Some Russians of draft age scrambled to leave the country Thursday to escape their country’s biggest conscription campaign since World War II, as world powers at the United Nations demanded that Moscow be held accountable for alleged atrocities in Ukraine.

Russian Foreign Minister Sergei Lavrov defended Moscow and responded defiantly, accusing Kyiv and its Western allies of threatening his country, before withdrawing at the end of his speech to the Security Council.

Surveys in Russia indicated widespread domestic support for Moscow’s intervention in Ukraine and much higher approval rates for Putin than before the February 24 invasion.

But the mass recruitment, which is aimed at recruiting 300,000 soldiers, may be a gamble for Putin following his promises that this will not happen and heavy Russian losses in Ukraine.

Prices for airline tickets from Moscow have risen to more than 5,000 euros for one-way trips to the nearest foreign locations, with most of them sold out in the coming days. Traffic has also increased at the border crossings with Finland and Georgia.

A source in the tourism industry stated: “This is a panic request from people who are afraid they won’t be able to leave the country later – people are buying tickets who don’t care where they’re going.”

Anti-war protests erupted in 38 Russian cities, with more scheduled for the weekend. It resulted in the arrest of more than 1,300 people on Wednesday, a monitoring group reported.
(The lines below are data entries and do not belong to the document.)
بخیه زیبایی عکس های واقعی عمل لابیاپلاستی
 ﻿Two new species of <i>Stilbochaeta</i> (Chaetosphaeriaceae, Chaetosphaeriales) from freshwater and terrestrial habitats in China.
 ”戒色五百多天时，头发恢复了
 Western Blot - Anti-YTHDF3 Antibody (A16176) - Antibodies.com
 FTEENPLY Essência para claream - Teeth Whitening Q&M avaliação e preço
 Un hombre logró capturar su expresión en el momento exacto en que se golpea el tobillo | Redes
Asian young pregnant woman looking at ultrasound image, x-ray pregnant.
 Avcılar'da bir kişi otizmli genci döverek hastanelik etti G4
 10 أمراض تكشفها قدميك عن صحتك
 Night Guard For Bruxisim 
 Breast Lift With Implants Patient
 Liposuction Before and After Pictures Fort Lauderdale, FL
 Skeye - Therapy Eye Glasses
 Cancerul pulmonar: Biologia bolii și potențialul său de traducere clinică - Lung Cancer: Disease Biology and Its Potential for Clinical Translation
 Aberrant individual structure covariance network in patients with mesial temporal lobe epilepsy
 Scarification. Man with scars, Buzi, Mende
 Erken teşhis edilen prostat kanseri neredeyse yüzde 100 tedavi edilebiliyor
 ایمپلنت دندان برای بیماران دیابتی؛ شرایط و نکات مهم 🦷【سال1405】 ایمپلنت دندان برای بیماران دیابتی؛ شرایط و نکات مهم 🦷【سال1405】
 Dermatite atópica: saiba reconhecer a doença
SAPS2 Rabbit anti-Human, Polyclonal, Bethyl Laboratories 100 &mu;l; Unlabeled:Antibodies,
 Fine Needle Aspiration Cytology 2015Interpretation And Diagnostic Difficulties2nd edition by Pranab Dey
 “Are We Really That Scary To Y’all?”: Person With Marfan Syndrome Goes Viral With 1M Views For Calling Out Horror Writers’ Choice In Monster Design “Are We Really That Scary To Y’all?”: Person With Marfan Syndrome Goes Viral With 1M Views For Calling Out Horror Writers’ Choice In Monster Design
Independent news sources said that some of the detainees were ordered to come to the recruitment offices on Thursday, the first full day of the conscription.

“Now, because of the mobilization, for most Russian citizens, Russia’s war against Ukraine is not something on TV or the Internet, but something that has entered every Russian home,” Ukrainian President Volodymyr Zelensky said in a video address Thursday evening.

Russia said reports of mass exodus were exaggerated.

Russian news agencies reported Thursday that 10,000 people volunteered to fight even before their summons papers arrived, citing the Russian General Staff.

Putin’s mobilization plans come as the Russian military has been facing major setbacks in northeastern Ukraine since the beginning of the month.

On Wednesday, he announced plans to annex four Ukrainian regions and said his threat to use nuclear weapons was not a “hoax”.